The bills, which are supported by Governor Andrew Cuomo, include 10 measures to criminalise the use of chokeholds, make police disciplinary records subject to public records, and make it a hate crime to call 911 with a false race-based accusation — a so-called "Amy Cooper bill" inspired by a New York City woman who was captured in widely shared footage calling police to target a black birdwatcher she had falsely claimed was threatening her.

Lawmakers also will repeal a measure in the state's civil rights laws that exempts disciplinary records of law enforcement officers from open records.

The Eric Garner Anti-Chokehold Act, named for the Staten Island man who killed during his arrest in 2014, will consider police chokeholds aggravated strangulation, which is a felony. His last words — "I can't breathe" — have emerged as a rallying cry in Black Lives Matter demonstrations against policy brutality.

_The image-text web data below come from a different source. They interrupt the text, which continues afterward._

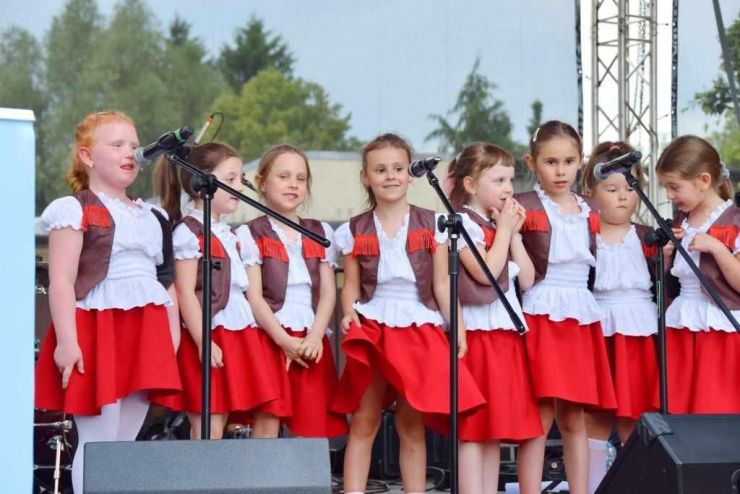 Grupa dziewcząt stoi na scenie przy mikrofonach. Dziewczynki ubrane są w czerwone sukienki, białe koszulki i brązowe marynarki z frędzlami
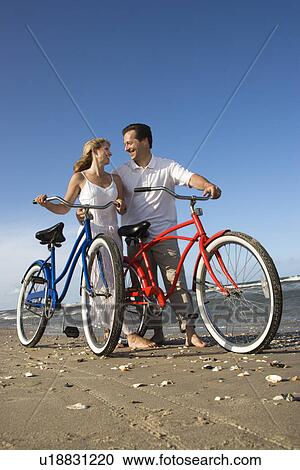Couple with Bikes at the Beach View Large Photo Image Stock Image - Couple with Bikes at the Beach. Fotosearch
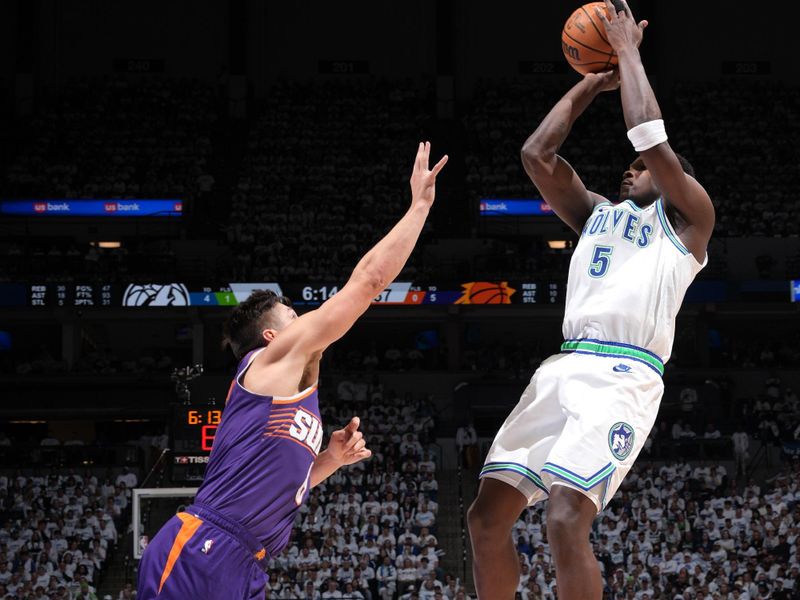 MINNEAPOLIS, MN -  APRIL 20: Anthony Edwards #5 of the Minnesota Timberwolves shoots the ball during Round One Game One of the 2024 NBA Playoffs against the Phoenix Suns on April 20, 2024 at Target Center in Minneapolis, Minnesota. NOTE TO USER: User expressly acknowledges and agrees that, by downloading and or using this Photograph, user is consenting to the terms and conditions of the Getty Images License Agreement. Mandatory Copyright Notice: Copyright 2024 NBAE (Photo by Jordan Johnson/NBAE via Getty Images)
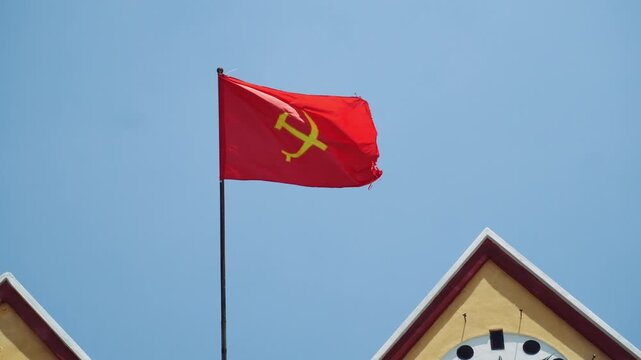 A red Soviet Union flag with a yellow hammer and sickle symbol waves on a flagpole against a clear blue sky in front of a building with peaked roof and arched windows.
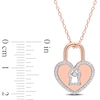 0.18 CT. T.W. Diamond Heart-Shaped Lock Pendant in Sterling Silver with Rose Rhodium Plate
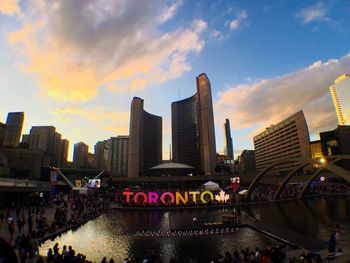 People at illuminated city against sky during sunset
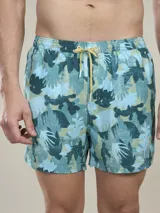 Short de baño con estampado de hojas en tonos celeste, verde y beige. Tiene cintura elástica con cordón ajustable amarillo.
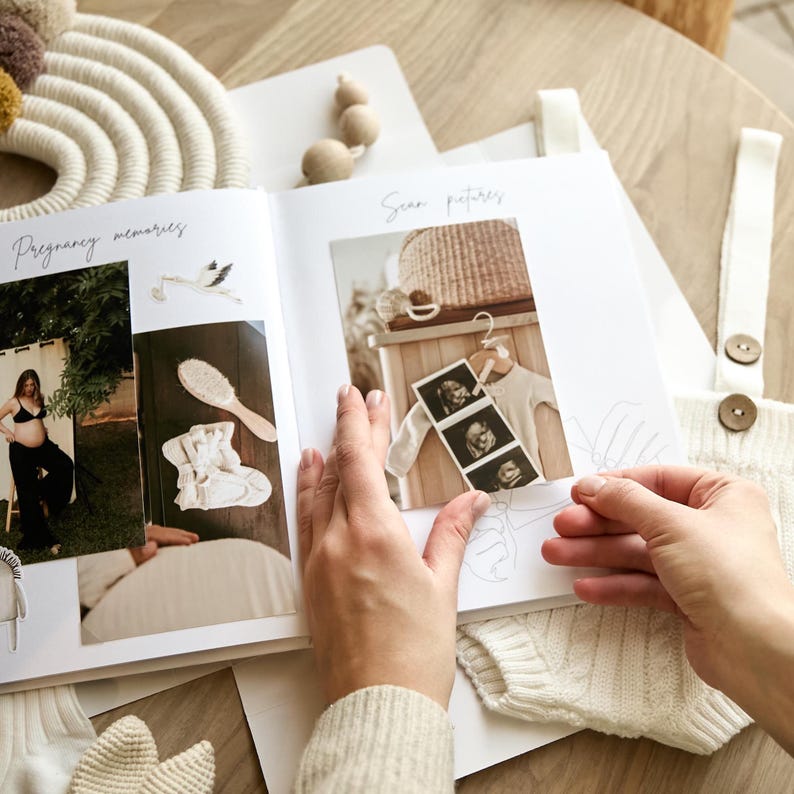 May include: A photo album open to pages with the words "Pregnancy memories" and "Scan pictures." The album contains photos of a pregnant person, baby clothes, and ultrasound images. The album is on a light-colored wooden surface.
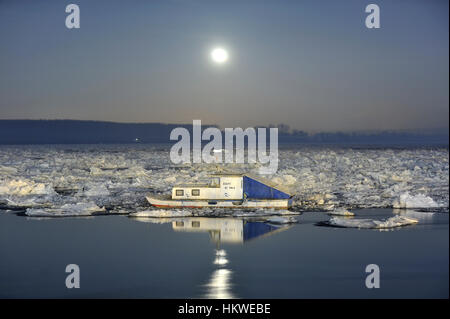 Belgrado, Serbia, gennaio 2017, chiaro di luna e la piccola barca a congelati fiume Danubio a Belgrado Foto Stock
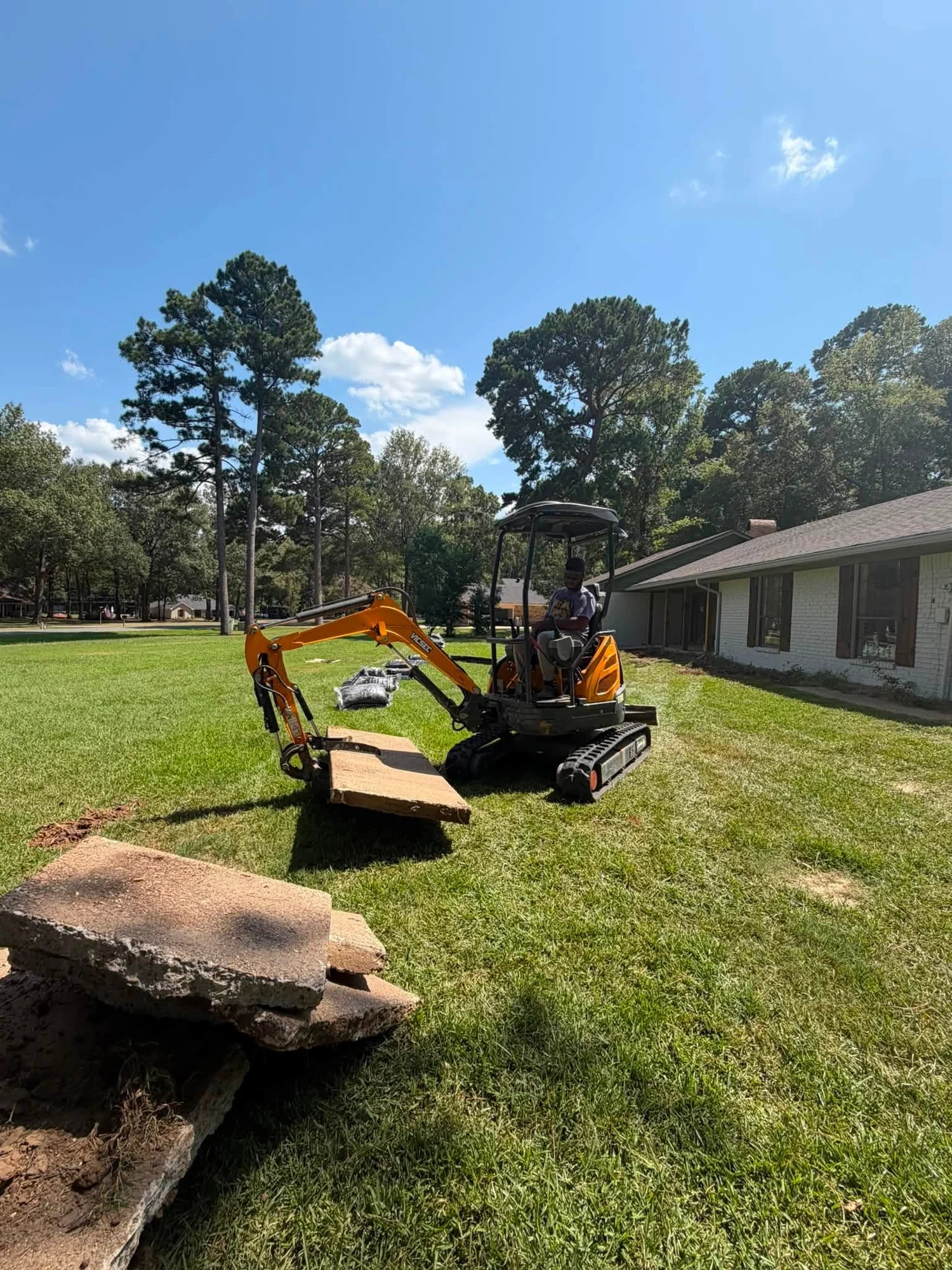 Compact excavator at work on a residential property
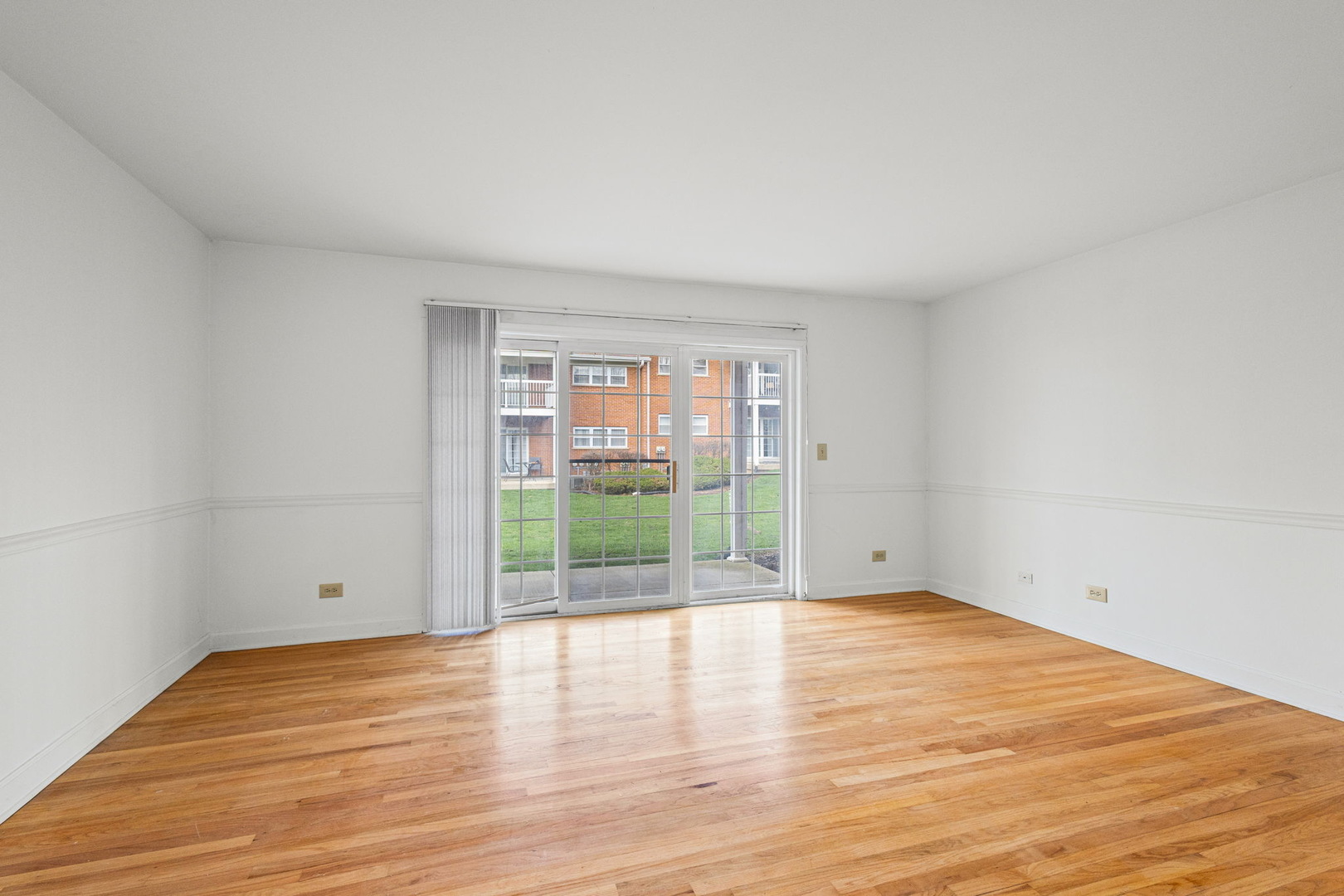 169 East Palatine Road, Unit E Palatine, IL 60067 - Photo 9 of 24 a view of an empty room with wooden floor and a window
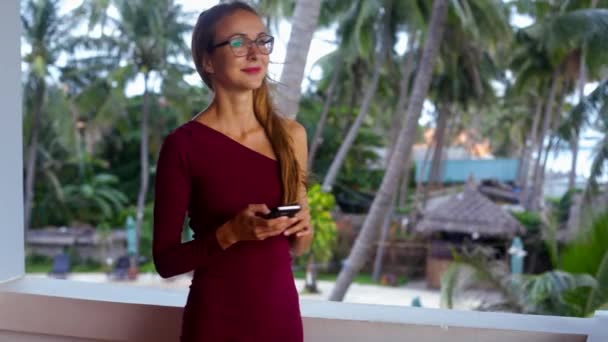 Fille en lunettes robe de soirée tient téléphone sur la terrasse — Video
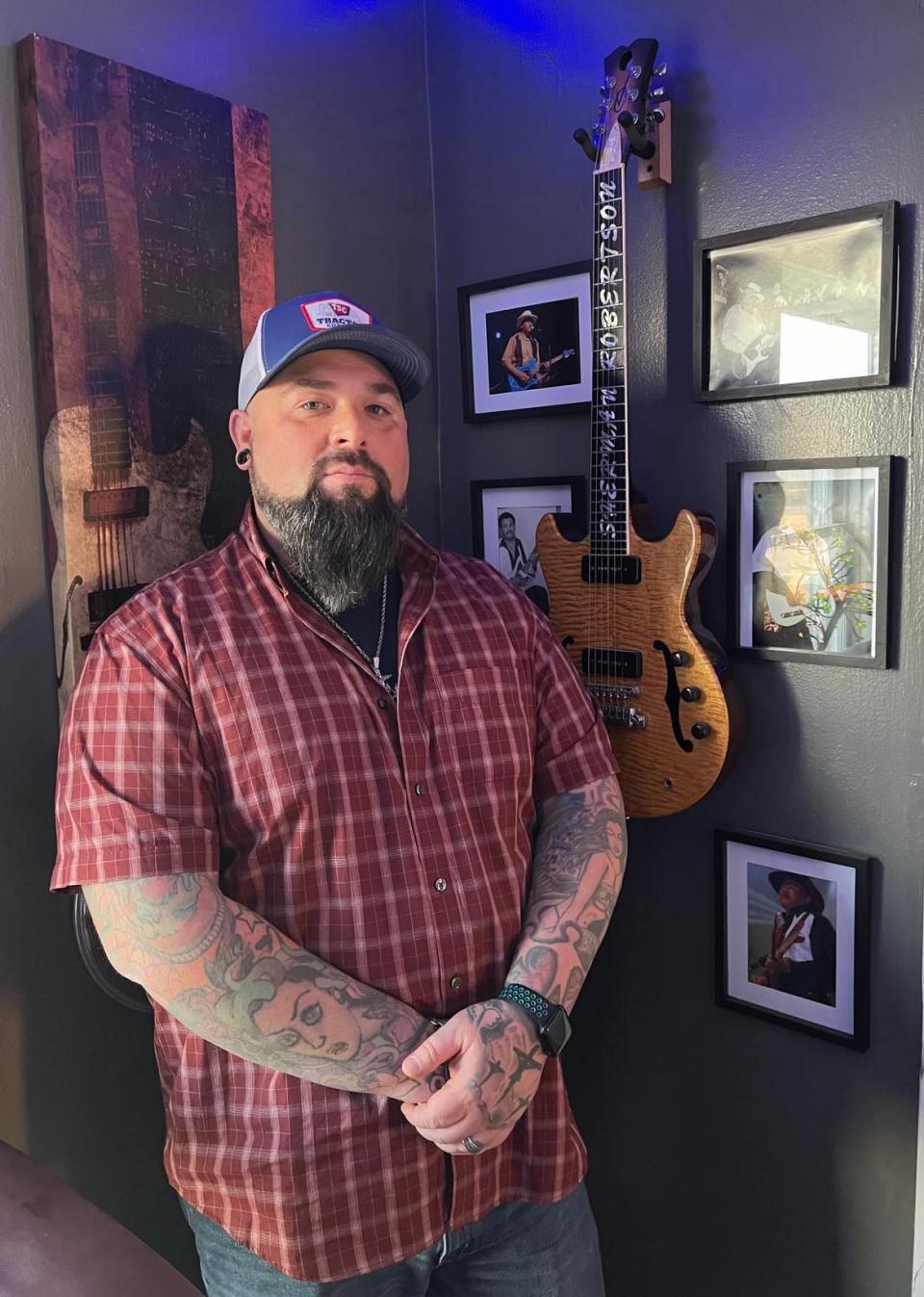 Aaron Hymes is shown with a guitar once played by his late stepfather Sherman Robertson, an accomplished guitarist and singer. Hymes is a Stark County-based musician who is recording Christian-inspired country music in Nashville.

Another piece of legislation will create a special investigations office within the state's Department of Law, under the state attorney general, to investigate and prosecute police killings.

"Protesters are basically right," Governor Cuomo said at his Monday press briefing. "It's all across the globe, and people are saying enough is enough ... It's been the same point over and over again. Bring reforms to the criminal justice system. Bring reforms to policing."

But the New York state assembly and senate houses could not agree to the terms of another bill that would require police departments to collect data for every stop they make, a measure aimed at ending racial profiling and stop-and-frisk. People who argued they were profiled and illegally stopped could then rely on that data and sue the department.

Brooklyn assemblywoman Rodneyse Bichotte said that Senate's "watered-down" bill is "throwing a bone to all those who were and are victims of racial profiling".

"The Senate believes it is too much of a burden to collect data, even though New York is lagging behind other states in this," she said in a statement.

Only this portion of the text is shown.